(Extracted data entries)
▬▬▬▬▬▬
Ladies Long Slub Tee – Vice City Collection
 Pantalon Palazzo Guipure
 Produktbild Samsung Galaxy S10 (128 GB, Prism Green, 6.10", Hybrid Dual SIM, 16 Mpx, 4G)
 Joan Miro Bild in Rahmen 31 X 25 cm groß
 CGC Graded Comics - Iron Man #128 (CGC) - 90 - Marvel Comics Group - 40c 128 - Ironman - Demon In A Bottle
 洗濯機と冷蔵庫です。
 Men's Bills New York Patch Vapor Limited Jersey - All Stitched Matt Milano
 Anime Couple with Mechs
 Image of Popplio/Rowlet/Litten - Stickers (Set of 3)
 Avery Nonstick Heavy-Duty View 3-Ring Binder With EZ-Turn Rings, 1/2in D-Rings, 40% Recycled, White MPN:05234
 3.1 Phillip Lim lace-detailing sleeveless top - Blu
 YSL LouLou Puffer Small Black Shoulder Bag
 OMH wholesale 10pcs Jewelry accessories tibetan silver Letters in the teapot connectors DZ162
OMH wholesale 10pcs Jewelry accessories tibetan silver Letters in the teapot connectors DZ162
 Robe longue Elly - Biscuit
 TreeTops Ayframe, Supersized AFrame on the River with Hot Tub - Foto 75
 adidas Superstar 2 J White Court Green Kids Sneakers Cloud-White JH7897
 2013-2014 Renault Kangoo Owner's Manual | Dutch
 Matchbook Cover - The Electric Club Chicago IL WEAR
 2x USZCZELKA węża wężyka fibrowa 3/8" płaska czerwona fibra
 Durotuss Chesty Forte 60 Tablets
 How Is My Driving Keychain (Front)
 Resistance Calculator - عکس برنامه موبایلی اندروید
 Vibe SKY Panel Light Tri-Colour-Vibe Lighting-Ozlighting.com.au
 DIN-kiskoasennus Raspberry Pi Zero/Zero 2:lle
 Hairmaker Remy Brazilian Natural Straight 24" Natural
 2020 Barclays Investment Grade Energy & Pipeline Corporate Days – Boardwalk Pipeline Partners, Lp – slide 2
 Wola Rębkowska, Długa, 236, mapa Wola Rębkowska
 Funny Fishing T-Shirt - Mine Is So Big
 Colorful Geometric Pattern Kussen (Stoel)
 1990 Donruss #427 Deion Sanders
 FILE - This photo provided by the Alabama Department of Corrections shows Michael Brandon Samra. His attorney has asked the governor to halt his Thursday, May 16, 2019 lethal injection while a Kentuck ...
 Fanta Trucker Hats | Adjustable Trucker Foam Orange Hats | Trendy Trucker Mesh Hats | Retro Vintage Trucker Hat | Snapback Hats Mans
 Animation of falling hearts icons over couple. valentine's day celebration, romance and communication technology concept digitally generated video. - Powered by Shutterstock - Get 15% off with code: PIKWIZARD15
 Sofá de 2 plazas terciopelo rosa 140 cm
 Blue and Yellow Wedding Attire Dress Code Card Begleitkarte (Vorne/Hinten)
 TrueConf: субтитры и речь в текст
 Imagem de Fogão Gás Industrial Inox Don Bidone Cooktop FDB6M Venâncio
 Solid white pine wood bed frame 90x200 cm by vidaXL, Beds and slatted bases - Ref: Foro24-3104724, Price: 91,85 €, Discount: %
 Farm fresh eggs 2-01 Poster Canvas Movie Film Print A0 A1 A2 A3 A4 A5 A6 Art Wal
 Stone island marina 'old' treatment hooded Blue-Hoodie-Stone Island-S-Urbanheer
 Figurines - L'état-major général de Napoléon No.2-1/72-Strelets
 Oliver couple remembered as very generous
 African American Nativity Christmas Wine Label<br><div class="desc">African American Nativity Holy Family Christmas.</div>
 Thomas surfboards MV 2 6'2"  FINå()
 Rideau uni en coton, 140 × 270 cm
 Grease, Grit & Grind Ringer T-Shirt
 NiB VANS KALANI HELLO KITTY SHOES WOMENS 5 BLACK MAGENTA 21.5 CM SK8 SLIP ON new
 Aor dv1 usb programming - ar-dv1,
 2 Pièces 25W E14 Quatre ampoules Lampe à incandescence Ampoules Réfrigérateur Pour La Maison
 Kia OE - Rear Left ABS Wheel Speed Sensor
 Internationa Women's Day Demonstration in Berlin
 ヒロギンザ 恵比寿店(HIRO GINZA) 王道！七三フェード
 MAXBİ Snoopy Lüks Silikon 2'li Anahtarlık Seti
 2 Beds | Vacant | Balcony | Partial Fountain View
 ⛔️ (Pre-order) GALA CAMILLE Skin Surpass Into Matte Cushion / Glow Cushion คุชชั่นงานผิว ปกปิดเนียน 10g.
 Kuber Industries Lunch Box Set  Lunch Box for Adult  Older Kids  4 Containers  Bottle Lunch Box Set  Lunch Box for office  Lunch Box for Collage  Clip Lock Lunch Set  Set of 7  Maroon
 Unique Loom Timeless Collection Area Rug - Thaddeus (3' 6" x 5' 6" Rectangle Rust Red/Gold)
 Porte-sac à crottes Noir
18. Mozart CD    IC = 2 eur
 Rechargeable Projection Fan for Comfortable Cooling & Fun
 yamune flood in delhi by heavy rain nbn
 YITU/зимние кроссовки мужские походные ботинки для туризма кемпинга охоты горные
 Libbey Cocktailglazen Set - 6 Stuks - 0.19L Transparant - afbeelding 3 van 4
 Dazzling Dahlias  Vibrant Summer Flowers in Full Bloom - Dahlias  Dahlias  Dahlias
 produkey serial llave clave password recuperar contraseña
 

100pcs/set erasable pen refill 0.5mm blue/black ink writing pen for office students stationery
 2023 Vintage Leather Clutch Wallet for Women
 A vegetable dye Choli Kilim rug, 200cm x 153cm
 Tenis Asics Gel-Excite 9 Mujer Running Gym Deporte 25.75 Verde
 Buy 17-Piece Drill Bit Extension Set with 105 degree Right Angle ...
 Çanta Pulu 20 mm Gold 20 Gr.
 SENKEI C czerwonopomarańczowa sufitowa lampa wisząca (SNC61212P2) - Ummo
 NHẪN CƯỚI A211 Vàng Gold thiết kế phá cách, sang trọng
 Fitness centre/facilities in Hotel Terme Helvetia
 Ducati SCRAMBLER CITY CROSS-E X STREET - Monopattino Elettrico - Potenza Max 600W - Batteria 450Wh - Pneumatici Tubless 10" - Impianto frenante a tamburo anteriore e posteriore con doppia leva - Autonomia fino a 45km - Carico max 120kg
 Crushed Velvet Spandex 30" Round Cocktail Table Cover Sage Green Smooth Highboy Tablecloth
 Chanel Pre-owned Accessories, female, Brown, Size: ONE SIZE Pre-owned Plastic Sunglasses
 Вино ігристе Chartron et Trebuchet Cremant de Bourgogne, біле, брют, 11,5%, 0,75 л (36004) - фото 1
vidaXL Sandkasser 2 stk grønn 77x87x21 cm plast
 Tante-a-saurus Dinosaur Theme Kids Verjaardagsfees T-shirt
▬▬▬▬▬▬
▶ [PROBLEM DESCRIPTION]: Gather all lines of the records that include the word "Vintage".

▶ [ANSWER BELOW]:
 Fanta Trucker Hats | Adjustable Trucker Foam Orange Hats | Trendy Trucker Mesh Hats | Retro Vintage Trucker Hat | Snapback Hats Mans
 2023 Vintage Leather Clutch Wallet for Women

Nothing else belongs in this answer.